Al must have been watching MSNBC.
And why should Al Gore cede the nomination and a place in history he coveted to the spouse of the man but for whose personal transgressions he would be president of the United States?
If Al ran, he would open with a pair of aces. To Democrats, Gore was right on the war when almost everyone else was wrong, which gives him the inside track to the antiwar vote that will be as crucial in the Democratic primaries of 2008 as it was in 1968 and 1972.
Both of the other major antiwar candidates, John Kerry and John Edwards, voted for the war – before they voted against it. Gore opposed it from the outset. And his endorsement of Howard Dean, much ridiculed when Dean disintegrated weeks later, looks less like a political gaffe now than an act of principle.
Second, Gore has taken out the patent on the global warming issue, and the environmental movement remains a powerful engine of cash and campaign labor inside the Democratic Party.
Third, Hillary has slipped 11 points, from 43 to 32, in a Fox poll of Democrats as to whom they wish to see nominated. Gore has moved into second at 15, passing Kerry at 13, for whom a Gore run would probably mean the end of the line.
Clearly, Hillary has a hellish problem with her stand on the war. And though she will win a stunning re-election victory in November, that does not solve her problem with the party base. She is going to have to move on the war or be pummeled by the activist wing of the party for two years.
Fourth, as a candidate, Hillary is too programmed. She has made all the right moves in the Senate to erase her image as a militant feminist, but lacks the platform skills of Bill and cannot bring to a debate the passion of Gore, who appears to believe deeply in what he preaches on both the war and global warming.
Fifth, her position as front-runner makes her the natural target for the other candidates, while her loss of 11 points and slippage to 32 percent makes her vulnerable. In a head-to-head race, Gore runs stronger than Hillary against McCain. He is down 6, she is down 7. And while Gore has been damaged by defeats and some of his shrill speeches, he does not carry as much scar tissue as Hillary.
Sixth, there is a sense among Democrats that Hillary cannot win a general election. Her six years in the Senate have not removed the indelible impression of her eight White House years, when Americans concluded she was too polarizing and divisive a figure to lead the nation. That sentiment surfaces in every poll.
One of the reasons Gore lost in 2000, though he had a plurality of the votes, is that many Americans felt the eight-year soap opera had just gone on for too long. It had to be canceled.
A Hillary nomination run would revive all that. And while the leaks about her wanting to take Harry Reid‘s job rather than George Bush‘s seem to have been planted and malicious, the question has surely crossed her mind as to whether a nomination run would be worth it, and whether her defeat would be inevitable, even if nominated.
The advantages Hillary would have in the primaries are that she holds out the promise of being the first woman president and no one will raise more money.
If Gore wants to be president, however, this is surely his last chance, and he would have to begin to pull his old team together, many of whom have moved on, and to court state leaders, many of whom have already begun to commit to other candidates.

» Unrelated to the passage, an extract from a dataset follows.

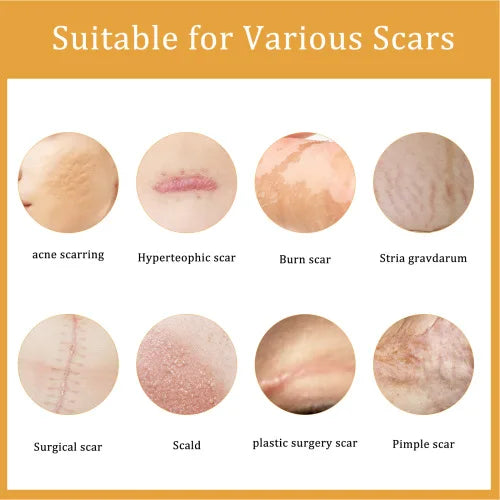 EELHOE Desalting  Skin Burn Scalding Surgical Scar Wound Repair Cream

Hillary has the option of waiting much longer to decide when and whether to get in. Gore must decide soon after November.
When Gore said in Australia he did not rule out running, he was careful to add, “but I don’t expect to.” Which is understandable. Gore has a good life, fame and fortune, and the possibility of being called to serve in high office in any future Democratic administration.
But he can also see – indeed the numbers says so – that there is a path to the nomination, and the presidency, narrow though it may be, that has opened up for him. And it will be open for only a few months before it closes again, forever.
Al vs. Hillary. The Gores demanding that the Clintons, who once put them a heartbeat away from the presidency, stand aside, because it is Al’s turn, not Hillary’s. How would Bill and Hillary deal with that?